Since only the written part is wanted, repeat the records exactly and omit the pictures.
* * * * * * * * *
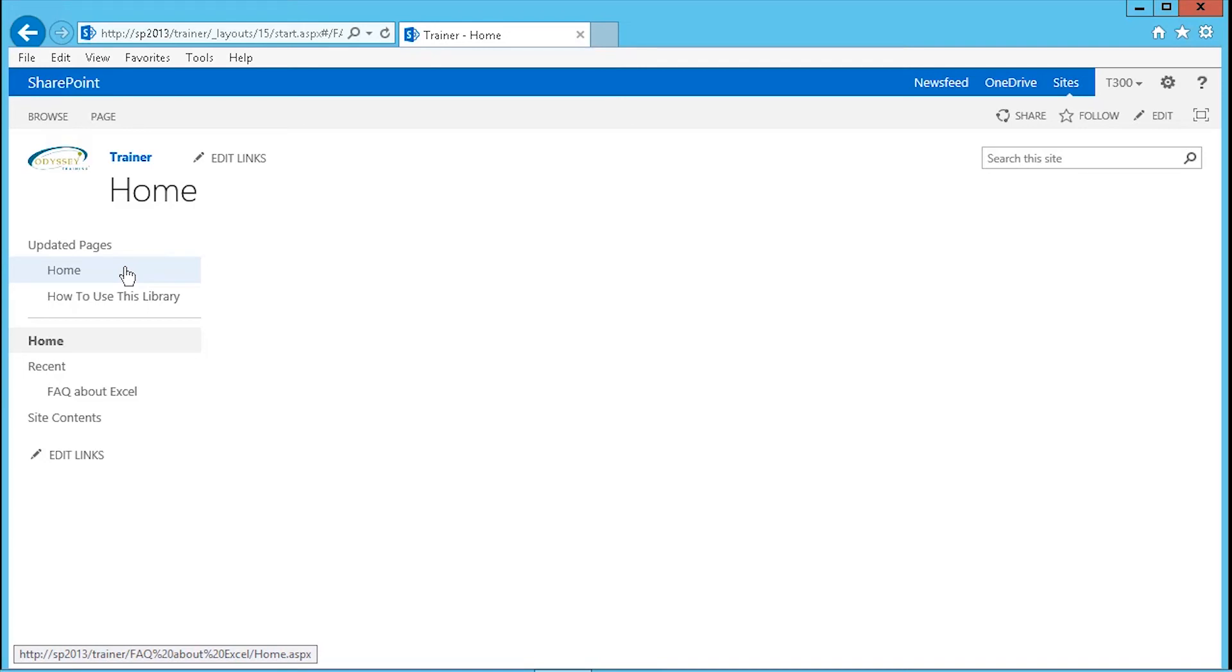And there you've done it, you've created a wiki library inside SharePoint 2013. Here you go. Here you are. Thank you.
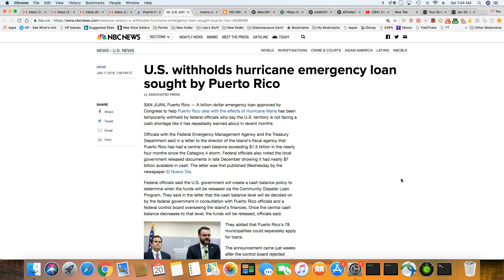So right now, as it stands, Puerto Rico still did not get any type of funding so that they can continue to fix up their island after the disaster.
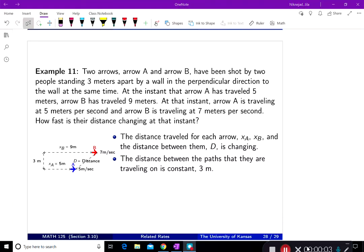Section 3.10 Related Rates — we're discussing another example, this time Example 11. Two arrows, arrow A and arrow B, have been shot by two people standing three meters apart by a wall in the perpendicular direction to the wall at the same time. At the instant that arrow A has traveled five meters, arrow B has traveled nine meters.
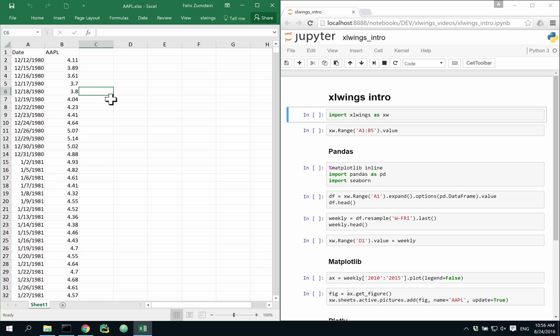Hi, I'm Felix from Zoomer Analytics, and in this video we're going to look at how easy it is to integrate Excel in Python using Excel Wings.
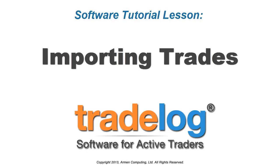This lesson will show you how to import trades from your broker. For first-time users of TradeLog, we recommend reading all of your broker's import instructions before attempting to download data from your broker.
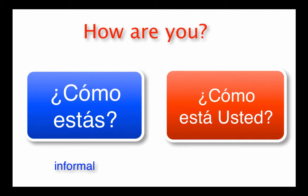¿Cómo está usted? is the formal question, the bow tie one. You would ask this question to people you call Mr. or Mrs., people you don't know, or anybody you want to be polite to.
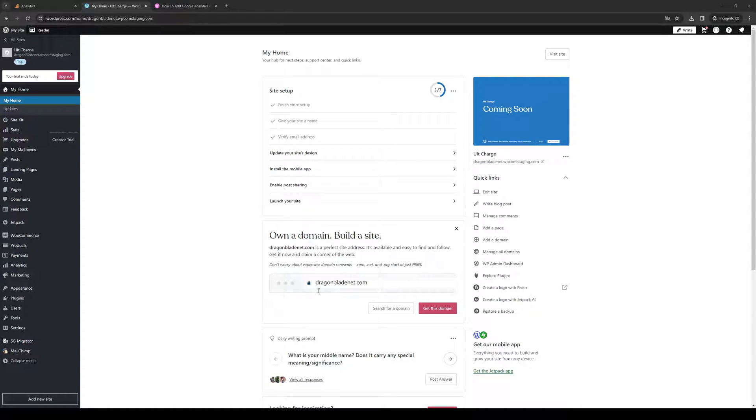How's it going everyone and welcome back to the channel. In today's video I'll be teaching you how to properly add Google Analytics as a tracker for your Elementor plugin on WordPress. Without further ado, let's dive right in.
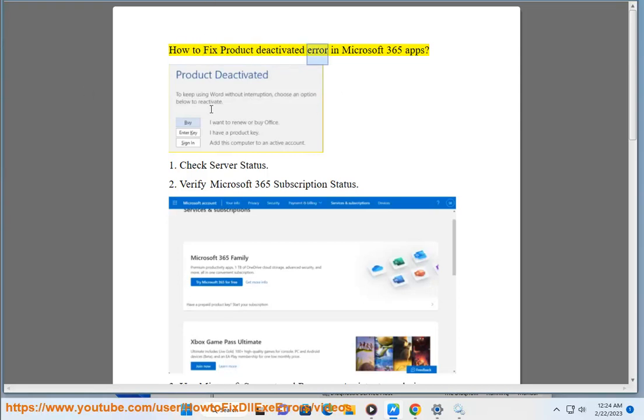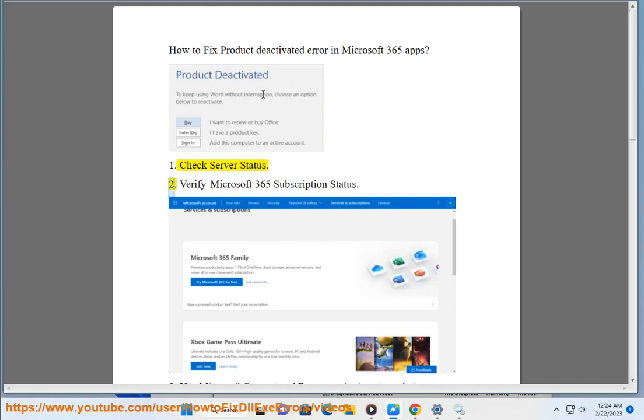How to Fix Product Deactivated Error in Microsoft 365 Apps. Step 1: Check Server Status.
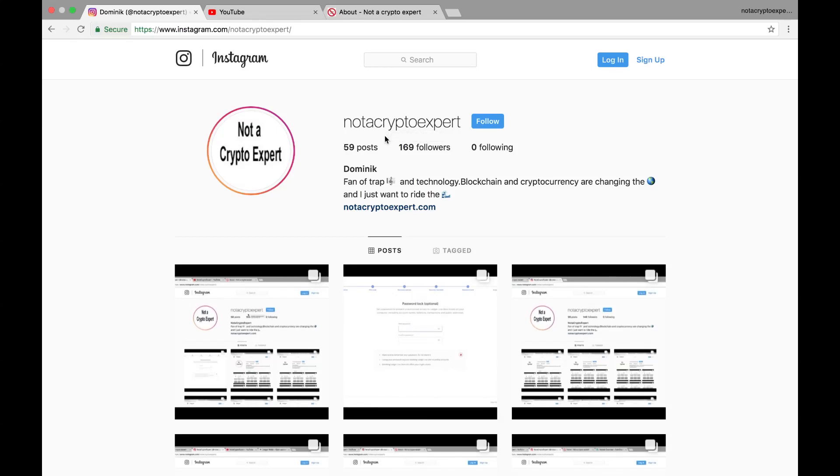Hello everybody, this is Not a Crypto Expert chiming in with another video. In this video I am going to update the firmware on my Ledger Nano S to the latest and greatest version that's available via the Ledger Live software that came out a few weeks ago. I've already got the software installed on my system.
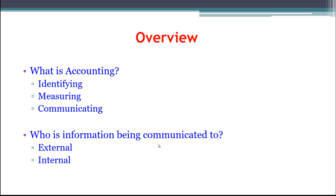That leads us to the next question: who are these users? Who is this information being communicated to? We break it down into two main groups. We have external users, which are the investors, the stockholders, the creditors, the government — anybody that needs to know information about the company but does not have direct access to it. And then we have internal users, which would generally be management or the accounting staff — people that have direct access to the inside information within the company.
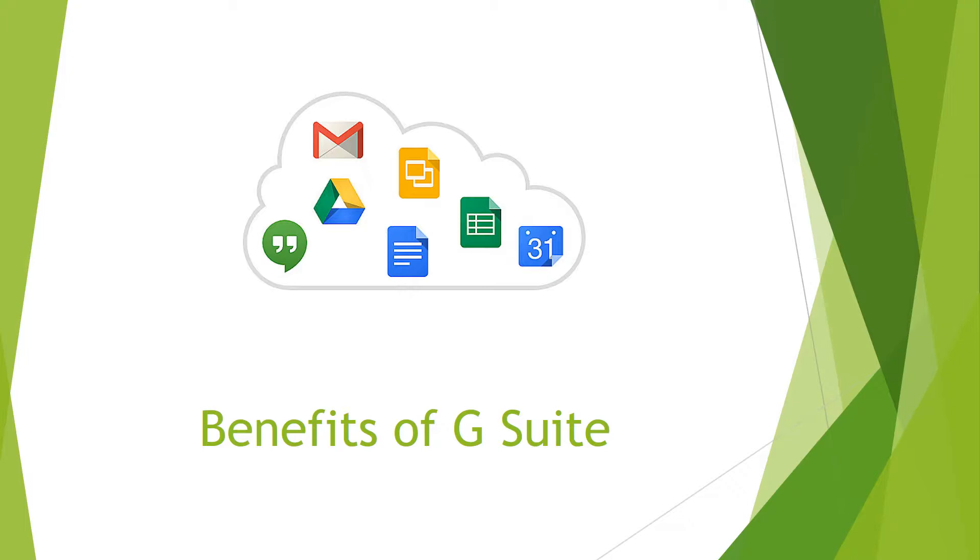G Suite also can grow as your business grows. You can flexibly add or remove users as your business changes. G Suite is a cost-effective alternative to a managed Microsoft Exchange setup.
* * * * * * * * *
- [RESPONSE BOX]
And there you've done it, you've created a wiki library inside SharePoint 2013. Here you go. Here you are. Thank you.
So right now, as it stands, Puerto Rico still did not get any type of funding so that they can continue to fix up their island after the disaster.
Section 3.10 Related Rates — we're discussing another example, this time Example 11. Two arrows, arrow A and arrow B, have been shot by two people standing three meters apart by a wall in the perpendicular direction to the wall at the same time. At the instant that arrow A has traveled five meters, arrow B has traveled nine meters.
Hi, I'm Felix from Zoomer Analytics, and in this video we're going to look at how easy it is to integrate Excel in Python using Excel Wings.
This lesson will show you how to import trades from your broker. For first-time users of TradeLog, we recommend reading all of your broker's import instructions before attempting to download data from your broker.
¿Cómo está usted? is the formal question, the bow tie one. You would ask this question to people you call Mr. or Mrs., people you don't know, or anybody you want to be polite to.
How's it going everyone and welcome back to the channel. In today's video I'll be teaching you how to properly add Google Analytics as a tracker for your Elementor plugin on WordPress. Without further ado, let's dive right in.
How to Fix Product Deactivated Error in Microsoft 365 Apps. Step 1: Check Server Status.
Hello everybody, this is Not a Crypto Expert chiming in with another video. In this video I am going to update the firmware on my Ledger Nano S to the latest and greatest version that's available via the Ledger Live software that came out a few weeks ago. I've already got the software installed on my system.
That leads us to the next question: who are these users? Who is this information being communicated to? We break it down into two main groups. We have external users, which are the investors, the stockholders, the creditors, the government — anybody that needs to know information about the company but does not have direct access to it. And then we have internal users, which would generally be management or the accounting staff — people that have direct access to the inside information within the company.
G Suite also can grow as your business grows. You can flexibly add or remove users as your business changes. G Suite is a cost-effective alternative to a managed Microsoft Exchange setup.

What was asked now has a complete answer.